Человек на углу разметал снег, собирая его в высокие сугробы. Работая усердно, в заботе о том, чтобы дорога была чиста и обнажились удобные для езды камни, он развернул метлу в сторону Ноана, изогнул тело в размахе, чуть откинул голову назад — и Ноан ахнул, застыл: не было у человека лица! Тот быстро опустил голову, как требовала работа метлой, и опять резко поднял ее, повинуясь усилиям рук, а Ноан окаменел, чувствуя, что нити детства, казавшиеся еще несколько секунд назад добрыми и разноцветными, теперь тяжко разматывают в нем темный клубок ужаса.

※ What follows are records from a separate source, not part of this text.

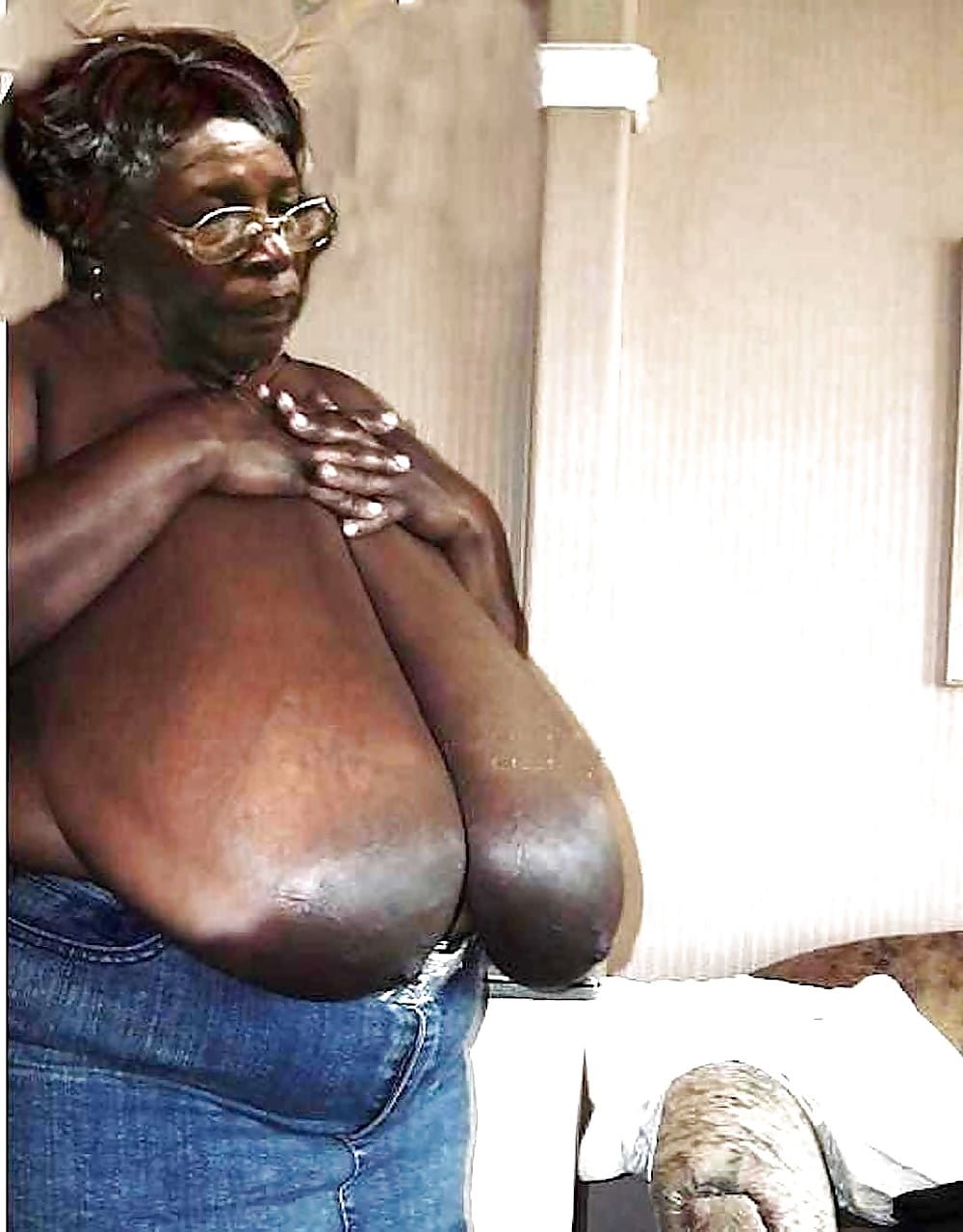 Macromastia Boobs Pics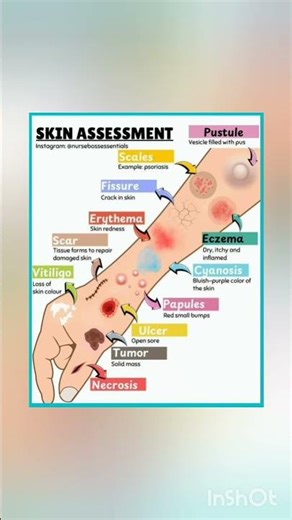 Skin Assessment Explained | Clinical Skills Every medical student Must Know!"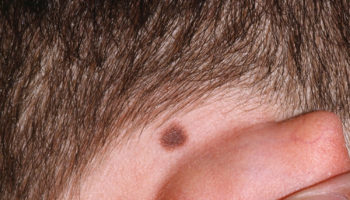 moles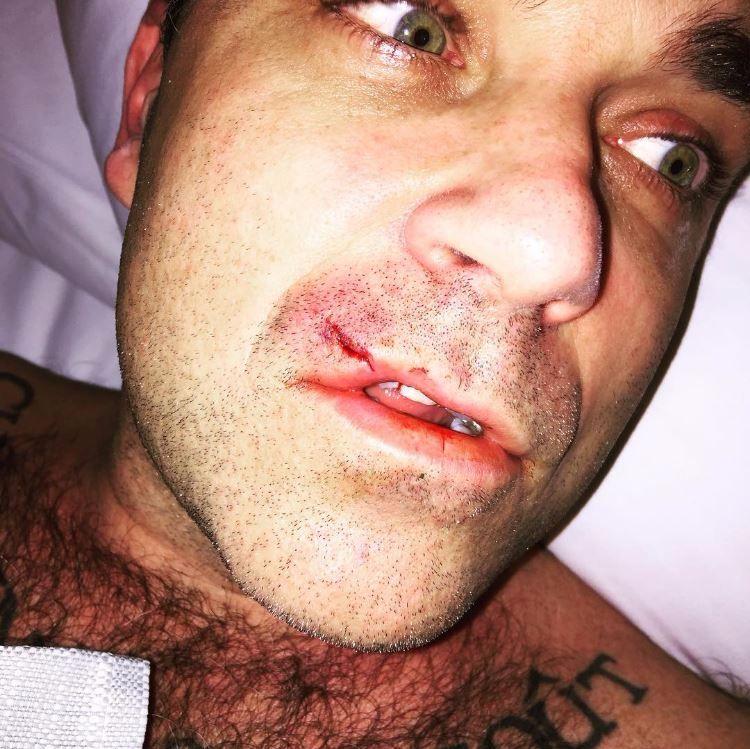 Robbie Williams ferito dopo uno scontro... con un computer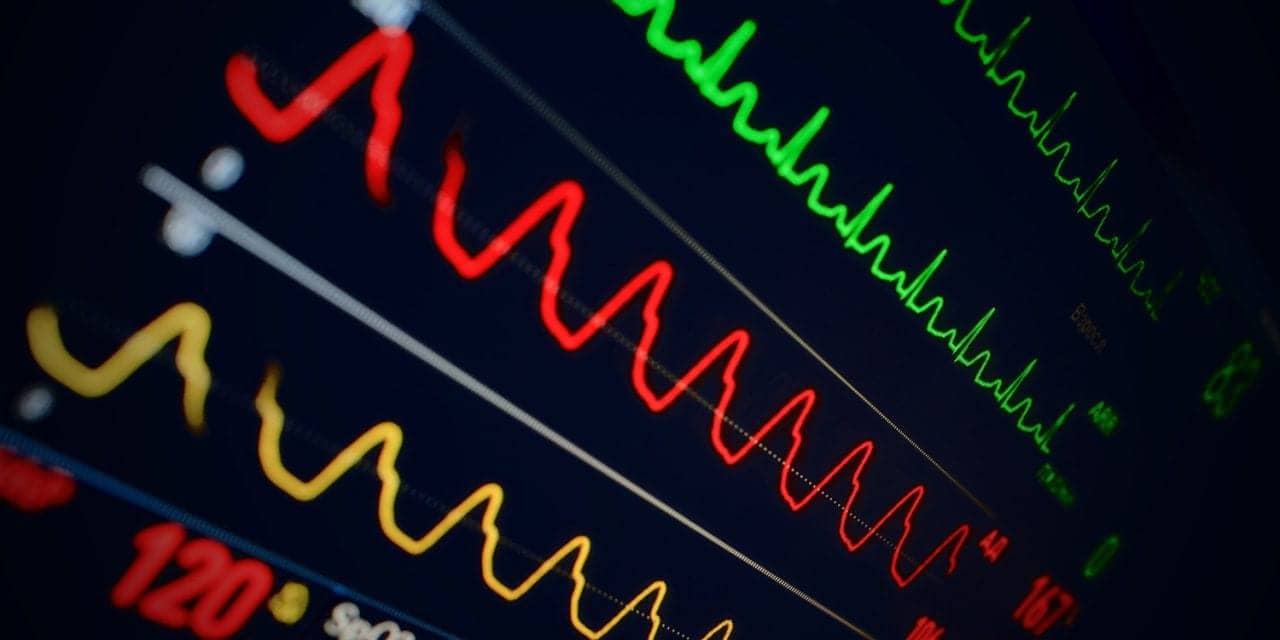 Patient Monitoring in the ICU and Trauma Center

В самом начале жизни, когда мир познаешь на ощупь, еще его не понимая, а только чувствуя, ощущаешь боль от огня и улыбаешься тающему на губах снегу, он испытал потрясение, которое ушло на дно души, потонуло и теперь выплыло оттуда, как выплывает фантастическое чудище, лежавшее тысячи лет в умятых толщей воды укромных камнях океана. Тогда он не увидел — ощутил отсутствие лица и сейчас, почти через четверть века, почувствовал в кончиках пальцев тепло нагретой извне солнцем, а изнутри человеческим дыханием мягкой телячьей кожи. И услышал вопль бабушки: вопль ужаса и надежды, что бог пощадит безрассудного несмышленыша.